Lunch places are always changing year to year so check Yelp for some good options. Prices do vary and “rush hour” is generally between 11:30-1:00. Some newer places downtown include Cafe Blue and one of the BEST pizza food trailers down Rainey street behind Craft Pride called Via313 (Detroit-style pizza). One of my favorite burger joints continues to be Casino El Camino on 6th street. Of course, if you are looking for BBQ and don’t want to wait too long in line at IronWorks, I’d highly recommend LaBarbecue (order the rib, it’s pricey, but worth EVERY penny!).
SXSWedu has several events that happen in the evening. There are multiple movie screenings happening throughout the week. One of note is a screening of the movie “Hidden Figures” on Monday from 7-9pm at the Stateside Theater (with a Q&A panel with @RafranzDavis and others to follow). Another event that I am personally involved in is the CatchOn Launch Party on Tuesday at 7:30pm-11pm at Cedar Street Courtyard. It’s a start-up company I’ve been advising on and we have all sorts of fun stuff planned for that evening including a little live band karaoke! Your SXSWedu badge will get you into all of these events.
SXSWedu doesn’t follow traditional conference schedules (1 hour sessions repeating throughout). There are variety of sessions from 15-minute talks, to Think tanks, to meet-ups, to Future 20s, to longer workshops. Be sure to create a log-in before arriving and ‘star’ the sessions you are interested in but also note the start and end times as many overlap. Also, note that with the exception of keynotes, most of the sessions Monday through Wednesday run from 11am-6pm and on Thursday they are from 9:30am-2pm with a closing party to follow. (you can sleep in!)
Sessions that intrigue me
I’m super pumped to see Tim Ferriss keynote on Wednesday at 9:30am. I’ve been a fan of his podcast and books for the last couple of years and I’m excited to hear what he has to say about learning and mastery. Sessions that focus on design thinking, student empowerment, and artificial intelligence tend to draw my interest this year. I’m also all-in on the Breakout EDU concept and I’m excited to see good friend and super-engaging speaker Adam Bellow at this year’s event. This year, not only am I attending, but I’m also moderating an interactive panel called “#AppOverkill: Going Beyond the Buzzwords”. I’m excited to hear from the panel of experts we have assembled and we are also going to be doing some different activities to engage audience in the conversation. Come be a part of the conversation and fun at Tuesday at 11am!
Takeaways and Reflections
Attending an event like this can be incredibly rewarding and energizing to those of us in education. However, it’s important that those that attend also bring back and share their learning with others on campus.
Here is a list of questions to keep in the back of your mind as you attend sessions and look for things to bring back. (Thanks to Lisa Johnson @TechChef4U for curating this!)

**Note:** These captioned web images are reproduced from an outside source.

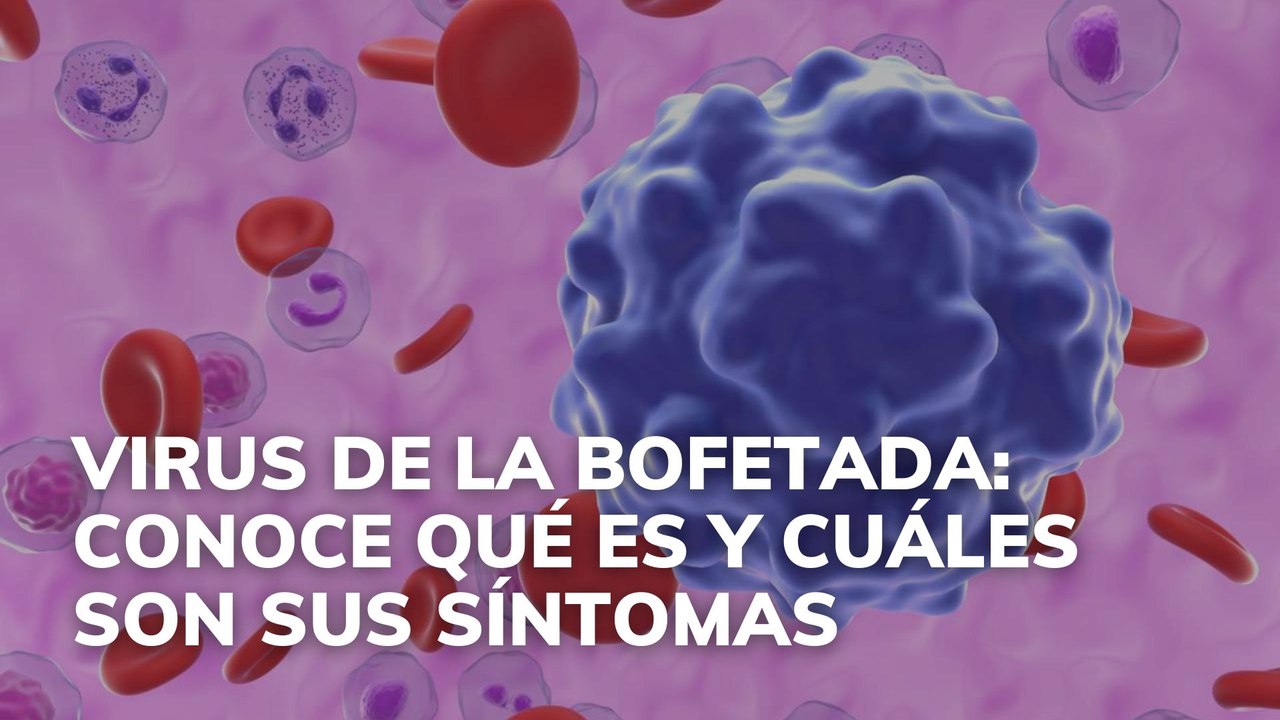 Virus de la bofetada: conoce qué es y cuáles son sus síntomas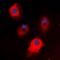 STEAP3 Metalloreductase antibody, orb304610, Biorbyt, Immunocytochemistry image 
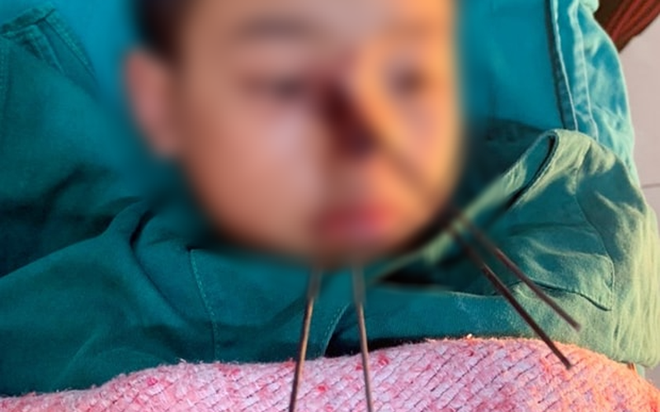 Bé trai 11 tuổi bị 4 mũi tên sắt từ nỏ tự chế bắn găm sâu vào vùng mũi ảnh 1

- What are the top sessions/topics that you liked?
- What are the top sessions/topics that you would like to take back to your campus to impact change?

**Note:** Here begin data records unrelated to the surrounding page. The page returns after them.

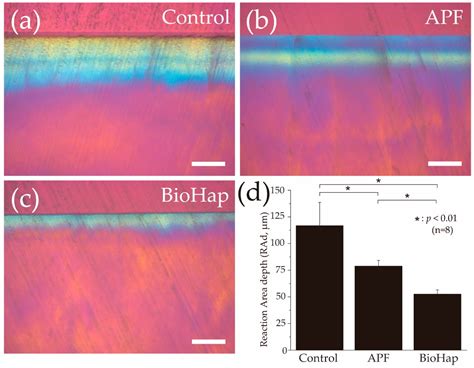 Improved Enamel Acid Resistance Using Biocompatible Nano-Hydroxyapatite ...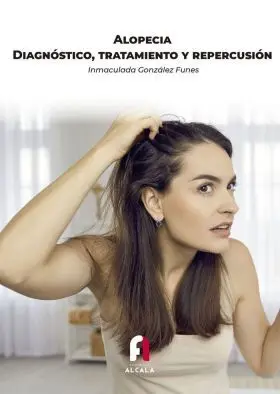 Alopecia. Diagnostico, Tratamiento y Repercusion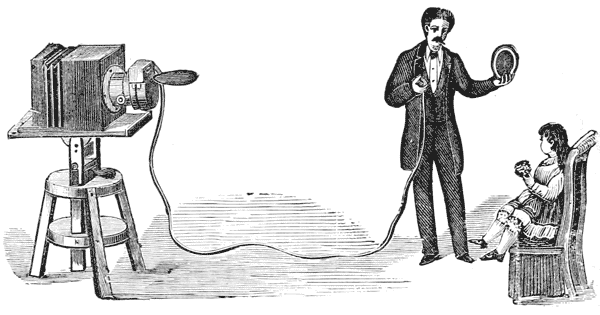 TN: Using the Pneumatic Shutter to Photograph
a Child.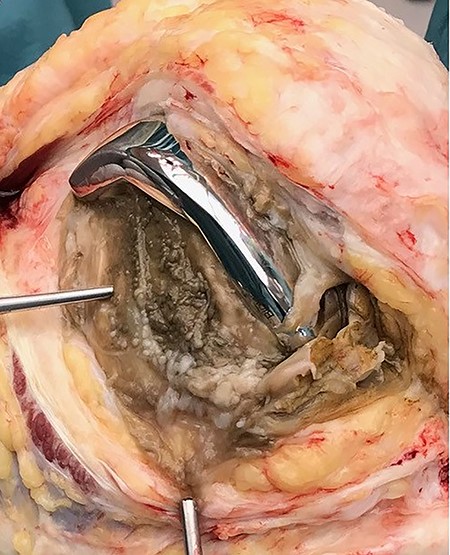 Intraoperatively gray staining of the synovium was encountered.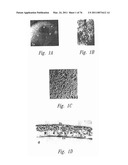 ANTI-ANGIOGENIC COMPOSITIONS AND METHODS OF USE diagram and image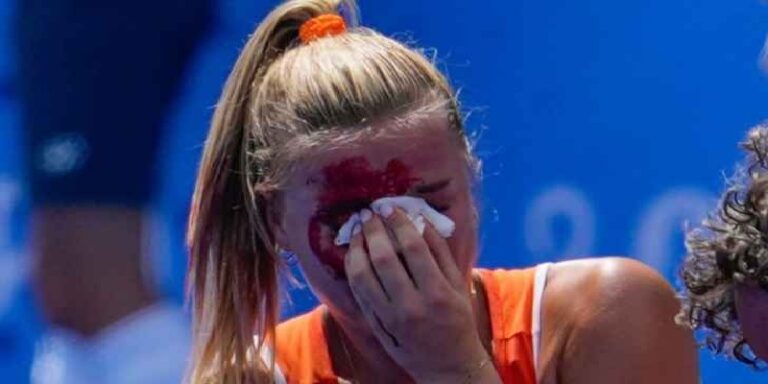 لاعبة هولندا للهوكي تتعرض لإصابة قوية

- What are the top sessions/topics that challenged your beliefs?
- Who was someone you connected with that impacted you?
- Who are the top people that engaged you?
- What are the top resources you found most impactful?
- What are the top pieces of research or studies you feel are most impactful for our students and/or teachers?
- How will I share my new discoveries from this event with my staff?
While there are many other questions you are thinking about than the ones above, keeping these in the back of your mind while attending SXSWedu allows you time to reflect when it’s all over and also think about ways to share your new discoveries with others when you return.